━━━━━ INPUT RECORDS ━━━━━
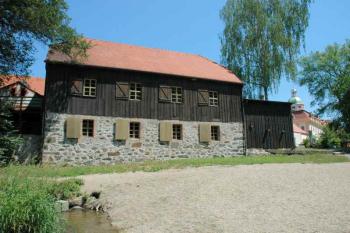 Pohled na pilu od řeky ( © Aleš Marek 07/2006)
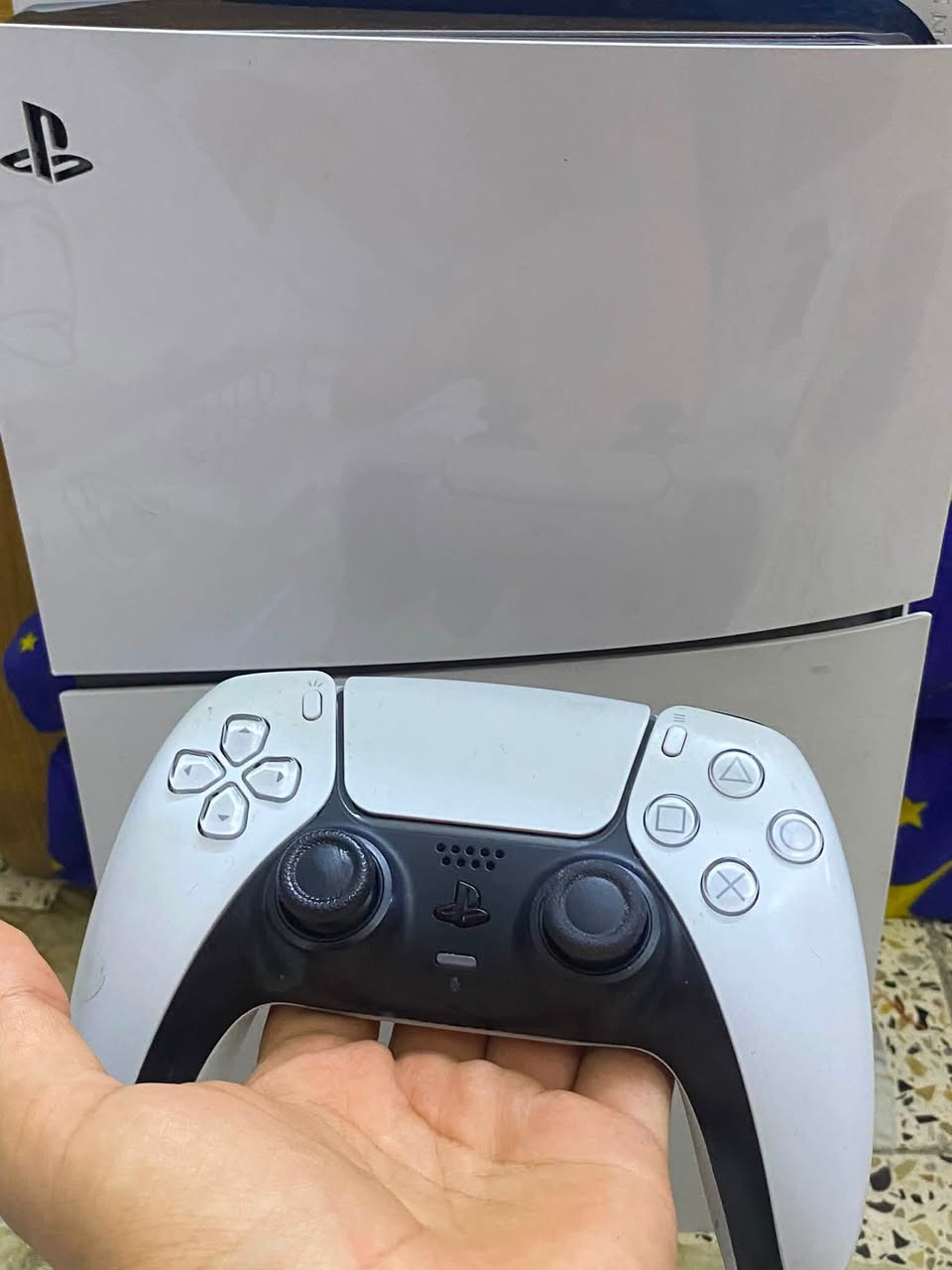 قيم و انطيني سعر
Ps5 سلم وياه 4 جويستكات 
***********
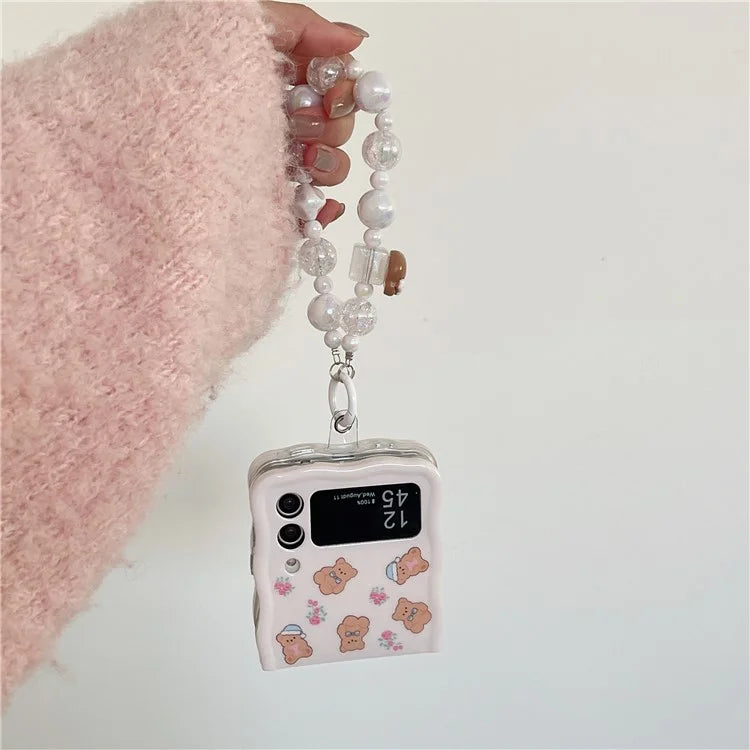 For Samsung Galaxy Z Flip4 5G Case with Beaded Wrist Strap Bear Flower Pattern Protective Cover
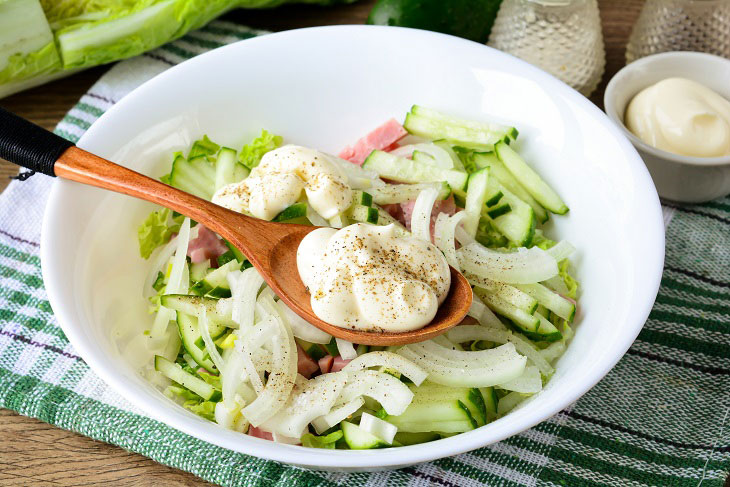 Salad "Skorospelka" with ham and Chinese cabbage - original and tasty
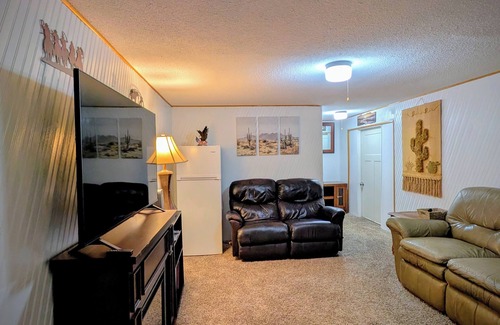 Des Moines House | Western themed 5 bedrooms 2 full baths. Walking distance to Iowa State Fair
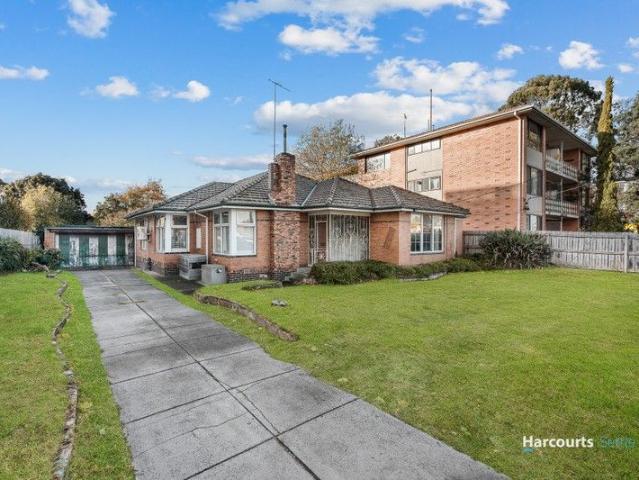 House for sale in Malvern East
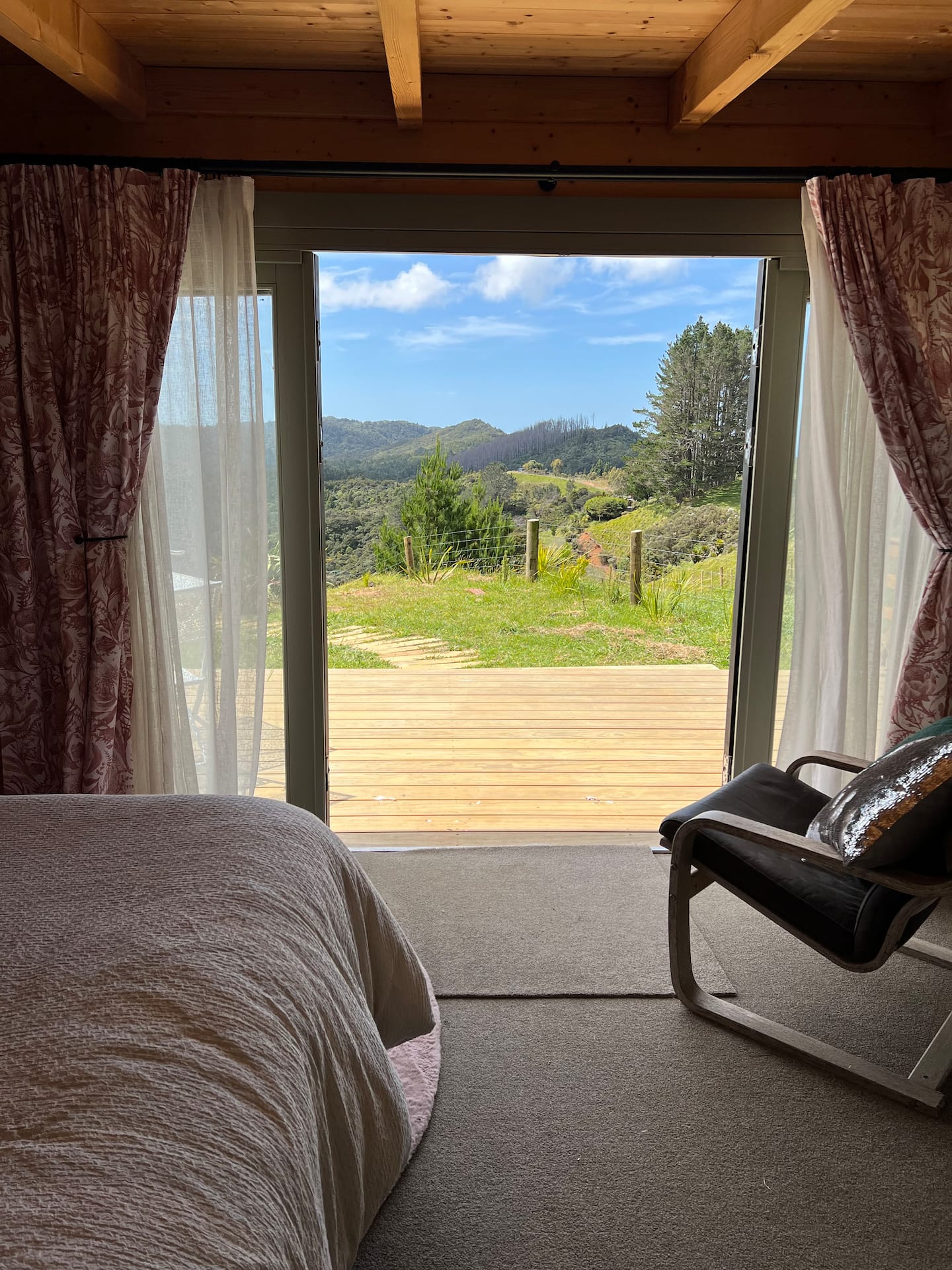 The Cabin - Beautiful Views From The Outside Bath. 5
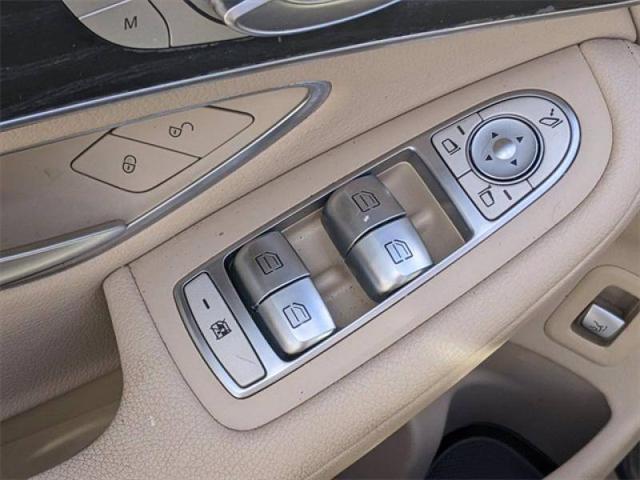 2018 Mercedes-Benz GLC GLC 300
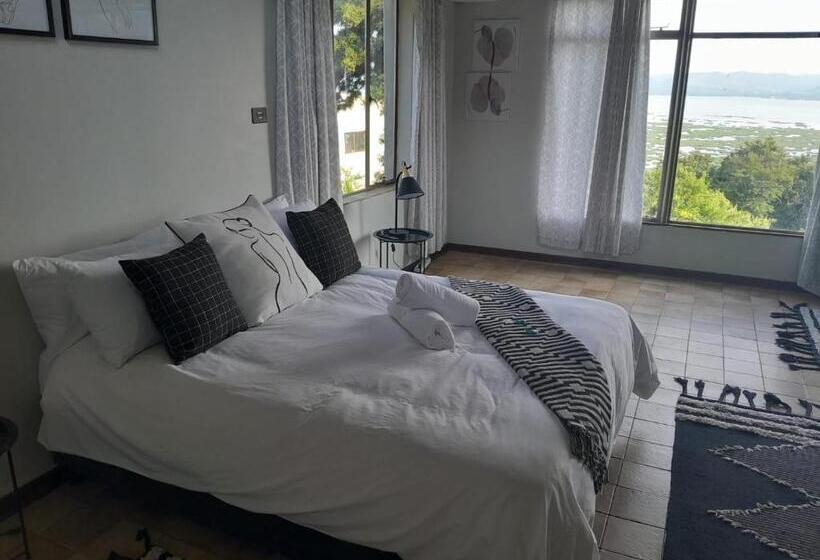 بنسيون Dam House Lodge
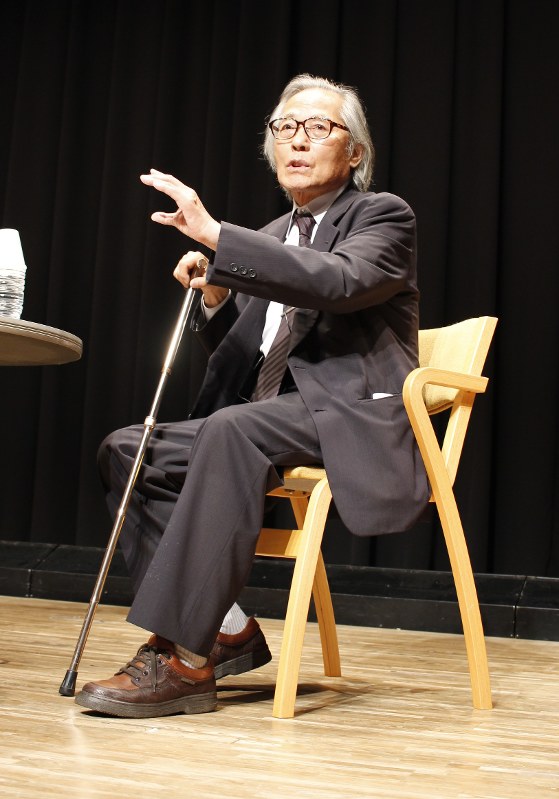 ドキュメンタリー映画上映後のトークショーで自らの人生を振り返る林さん=直方市で2016年5月21日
━━━━━
» **WHAT IS BEING ASKED**:
With the pictures left out, give again exactly the lines from the one that contains "Ps5 سلم وياه 4 جويستكات" through the final line of the data above.

» **ANSWER SECTION**:
Ps5 سلم وياه 4 جويستكات 
***********
 For Samsung Galaxy Z Flip4 5G Case with Beaded Wrist Strap Bear Flower Pattern Protective Cover
 Salad "Skorospelka" with ham and Chinese cabbage - original and tasty
 Des Moines House | Western themed 5 bedrooms 2 full baths. Walking distance to Iowa State Fair
 House for sale in Malvern East
 The Cabin - Beautiful Views From The Outside Bath. 5
 2018 Mercedes-Benz GLC GLC 300
 بنسيون Dam House Lodge
 ドキュメンタリー映画上映後のトークショーで自らの人生を振り返る林さん=直方市で2016年5月21日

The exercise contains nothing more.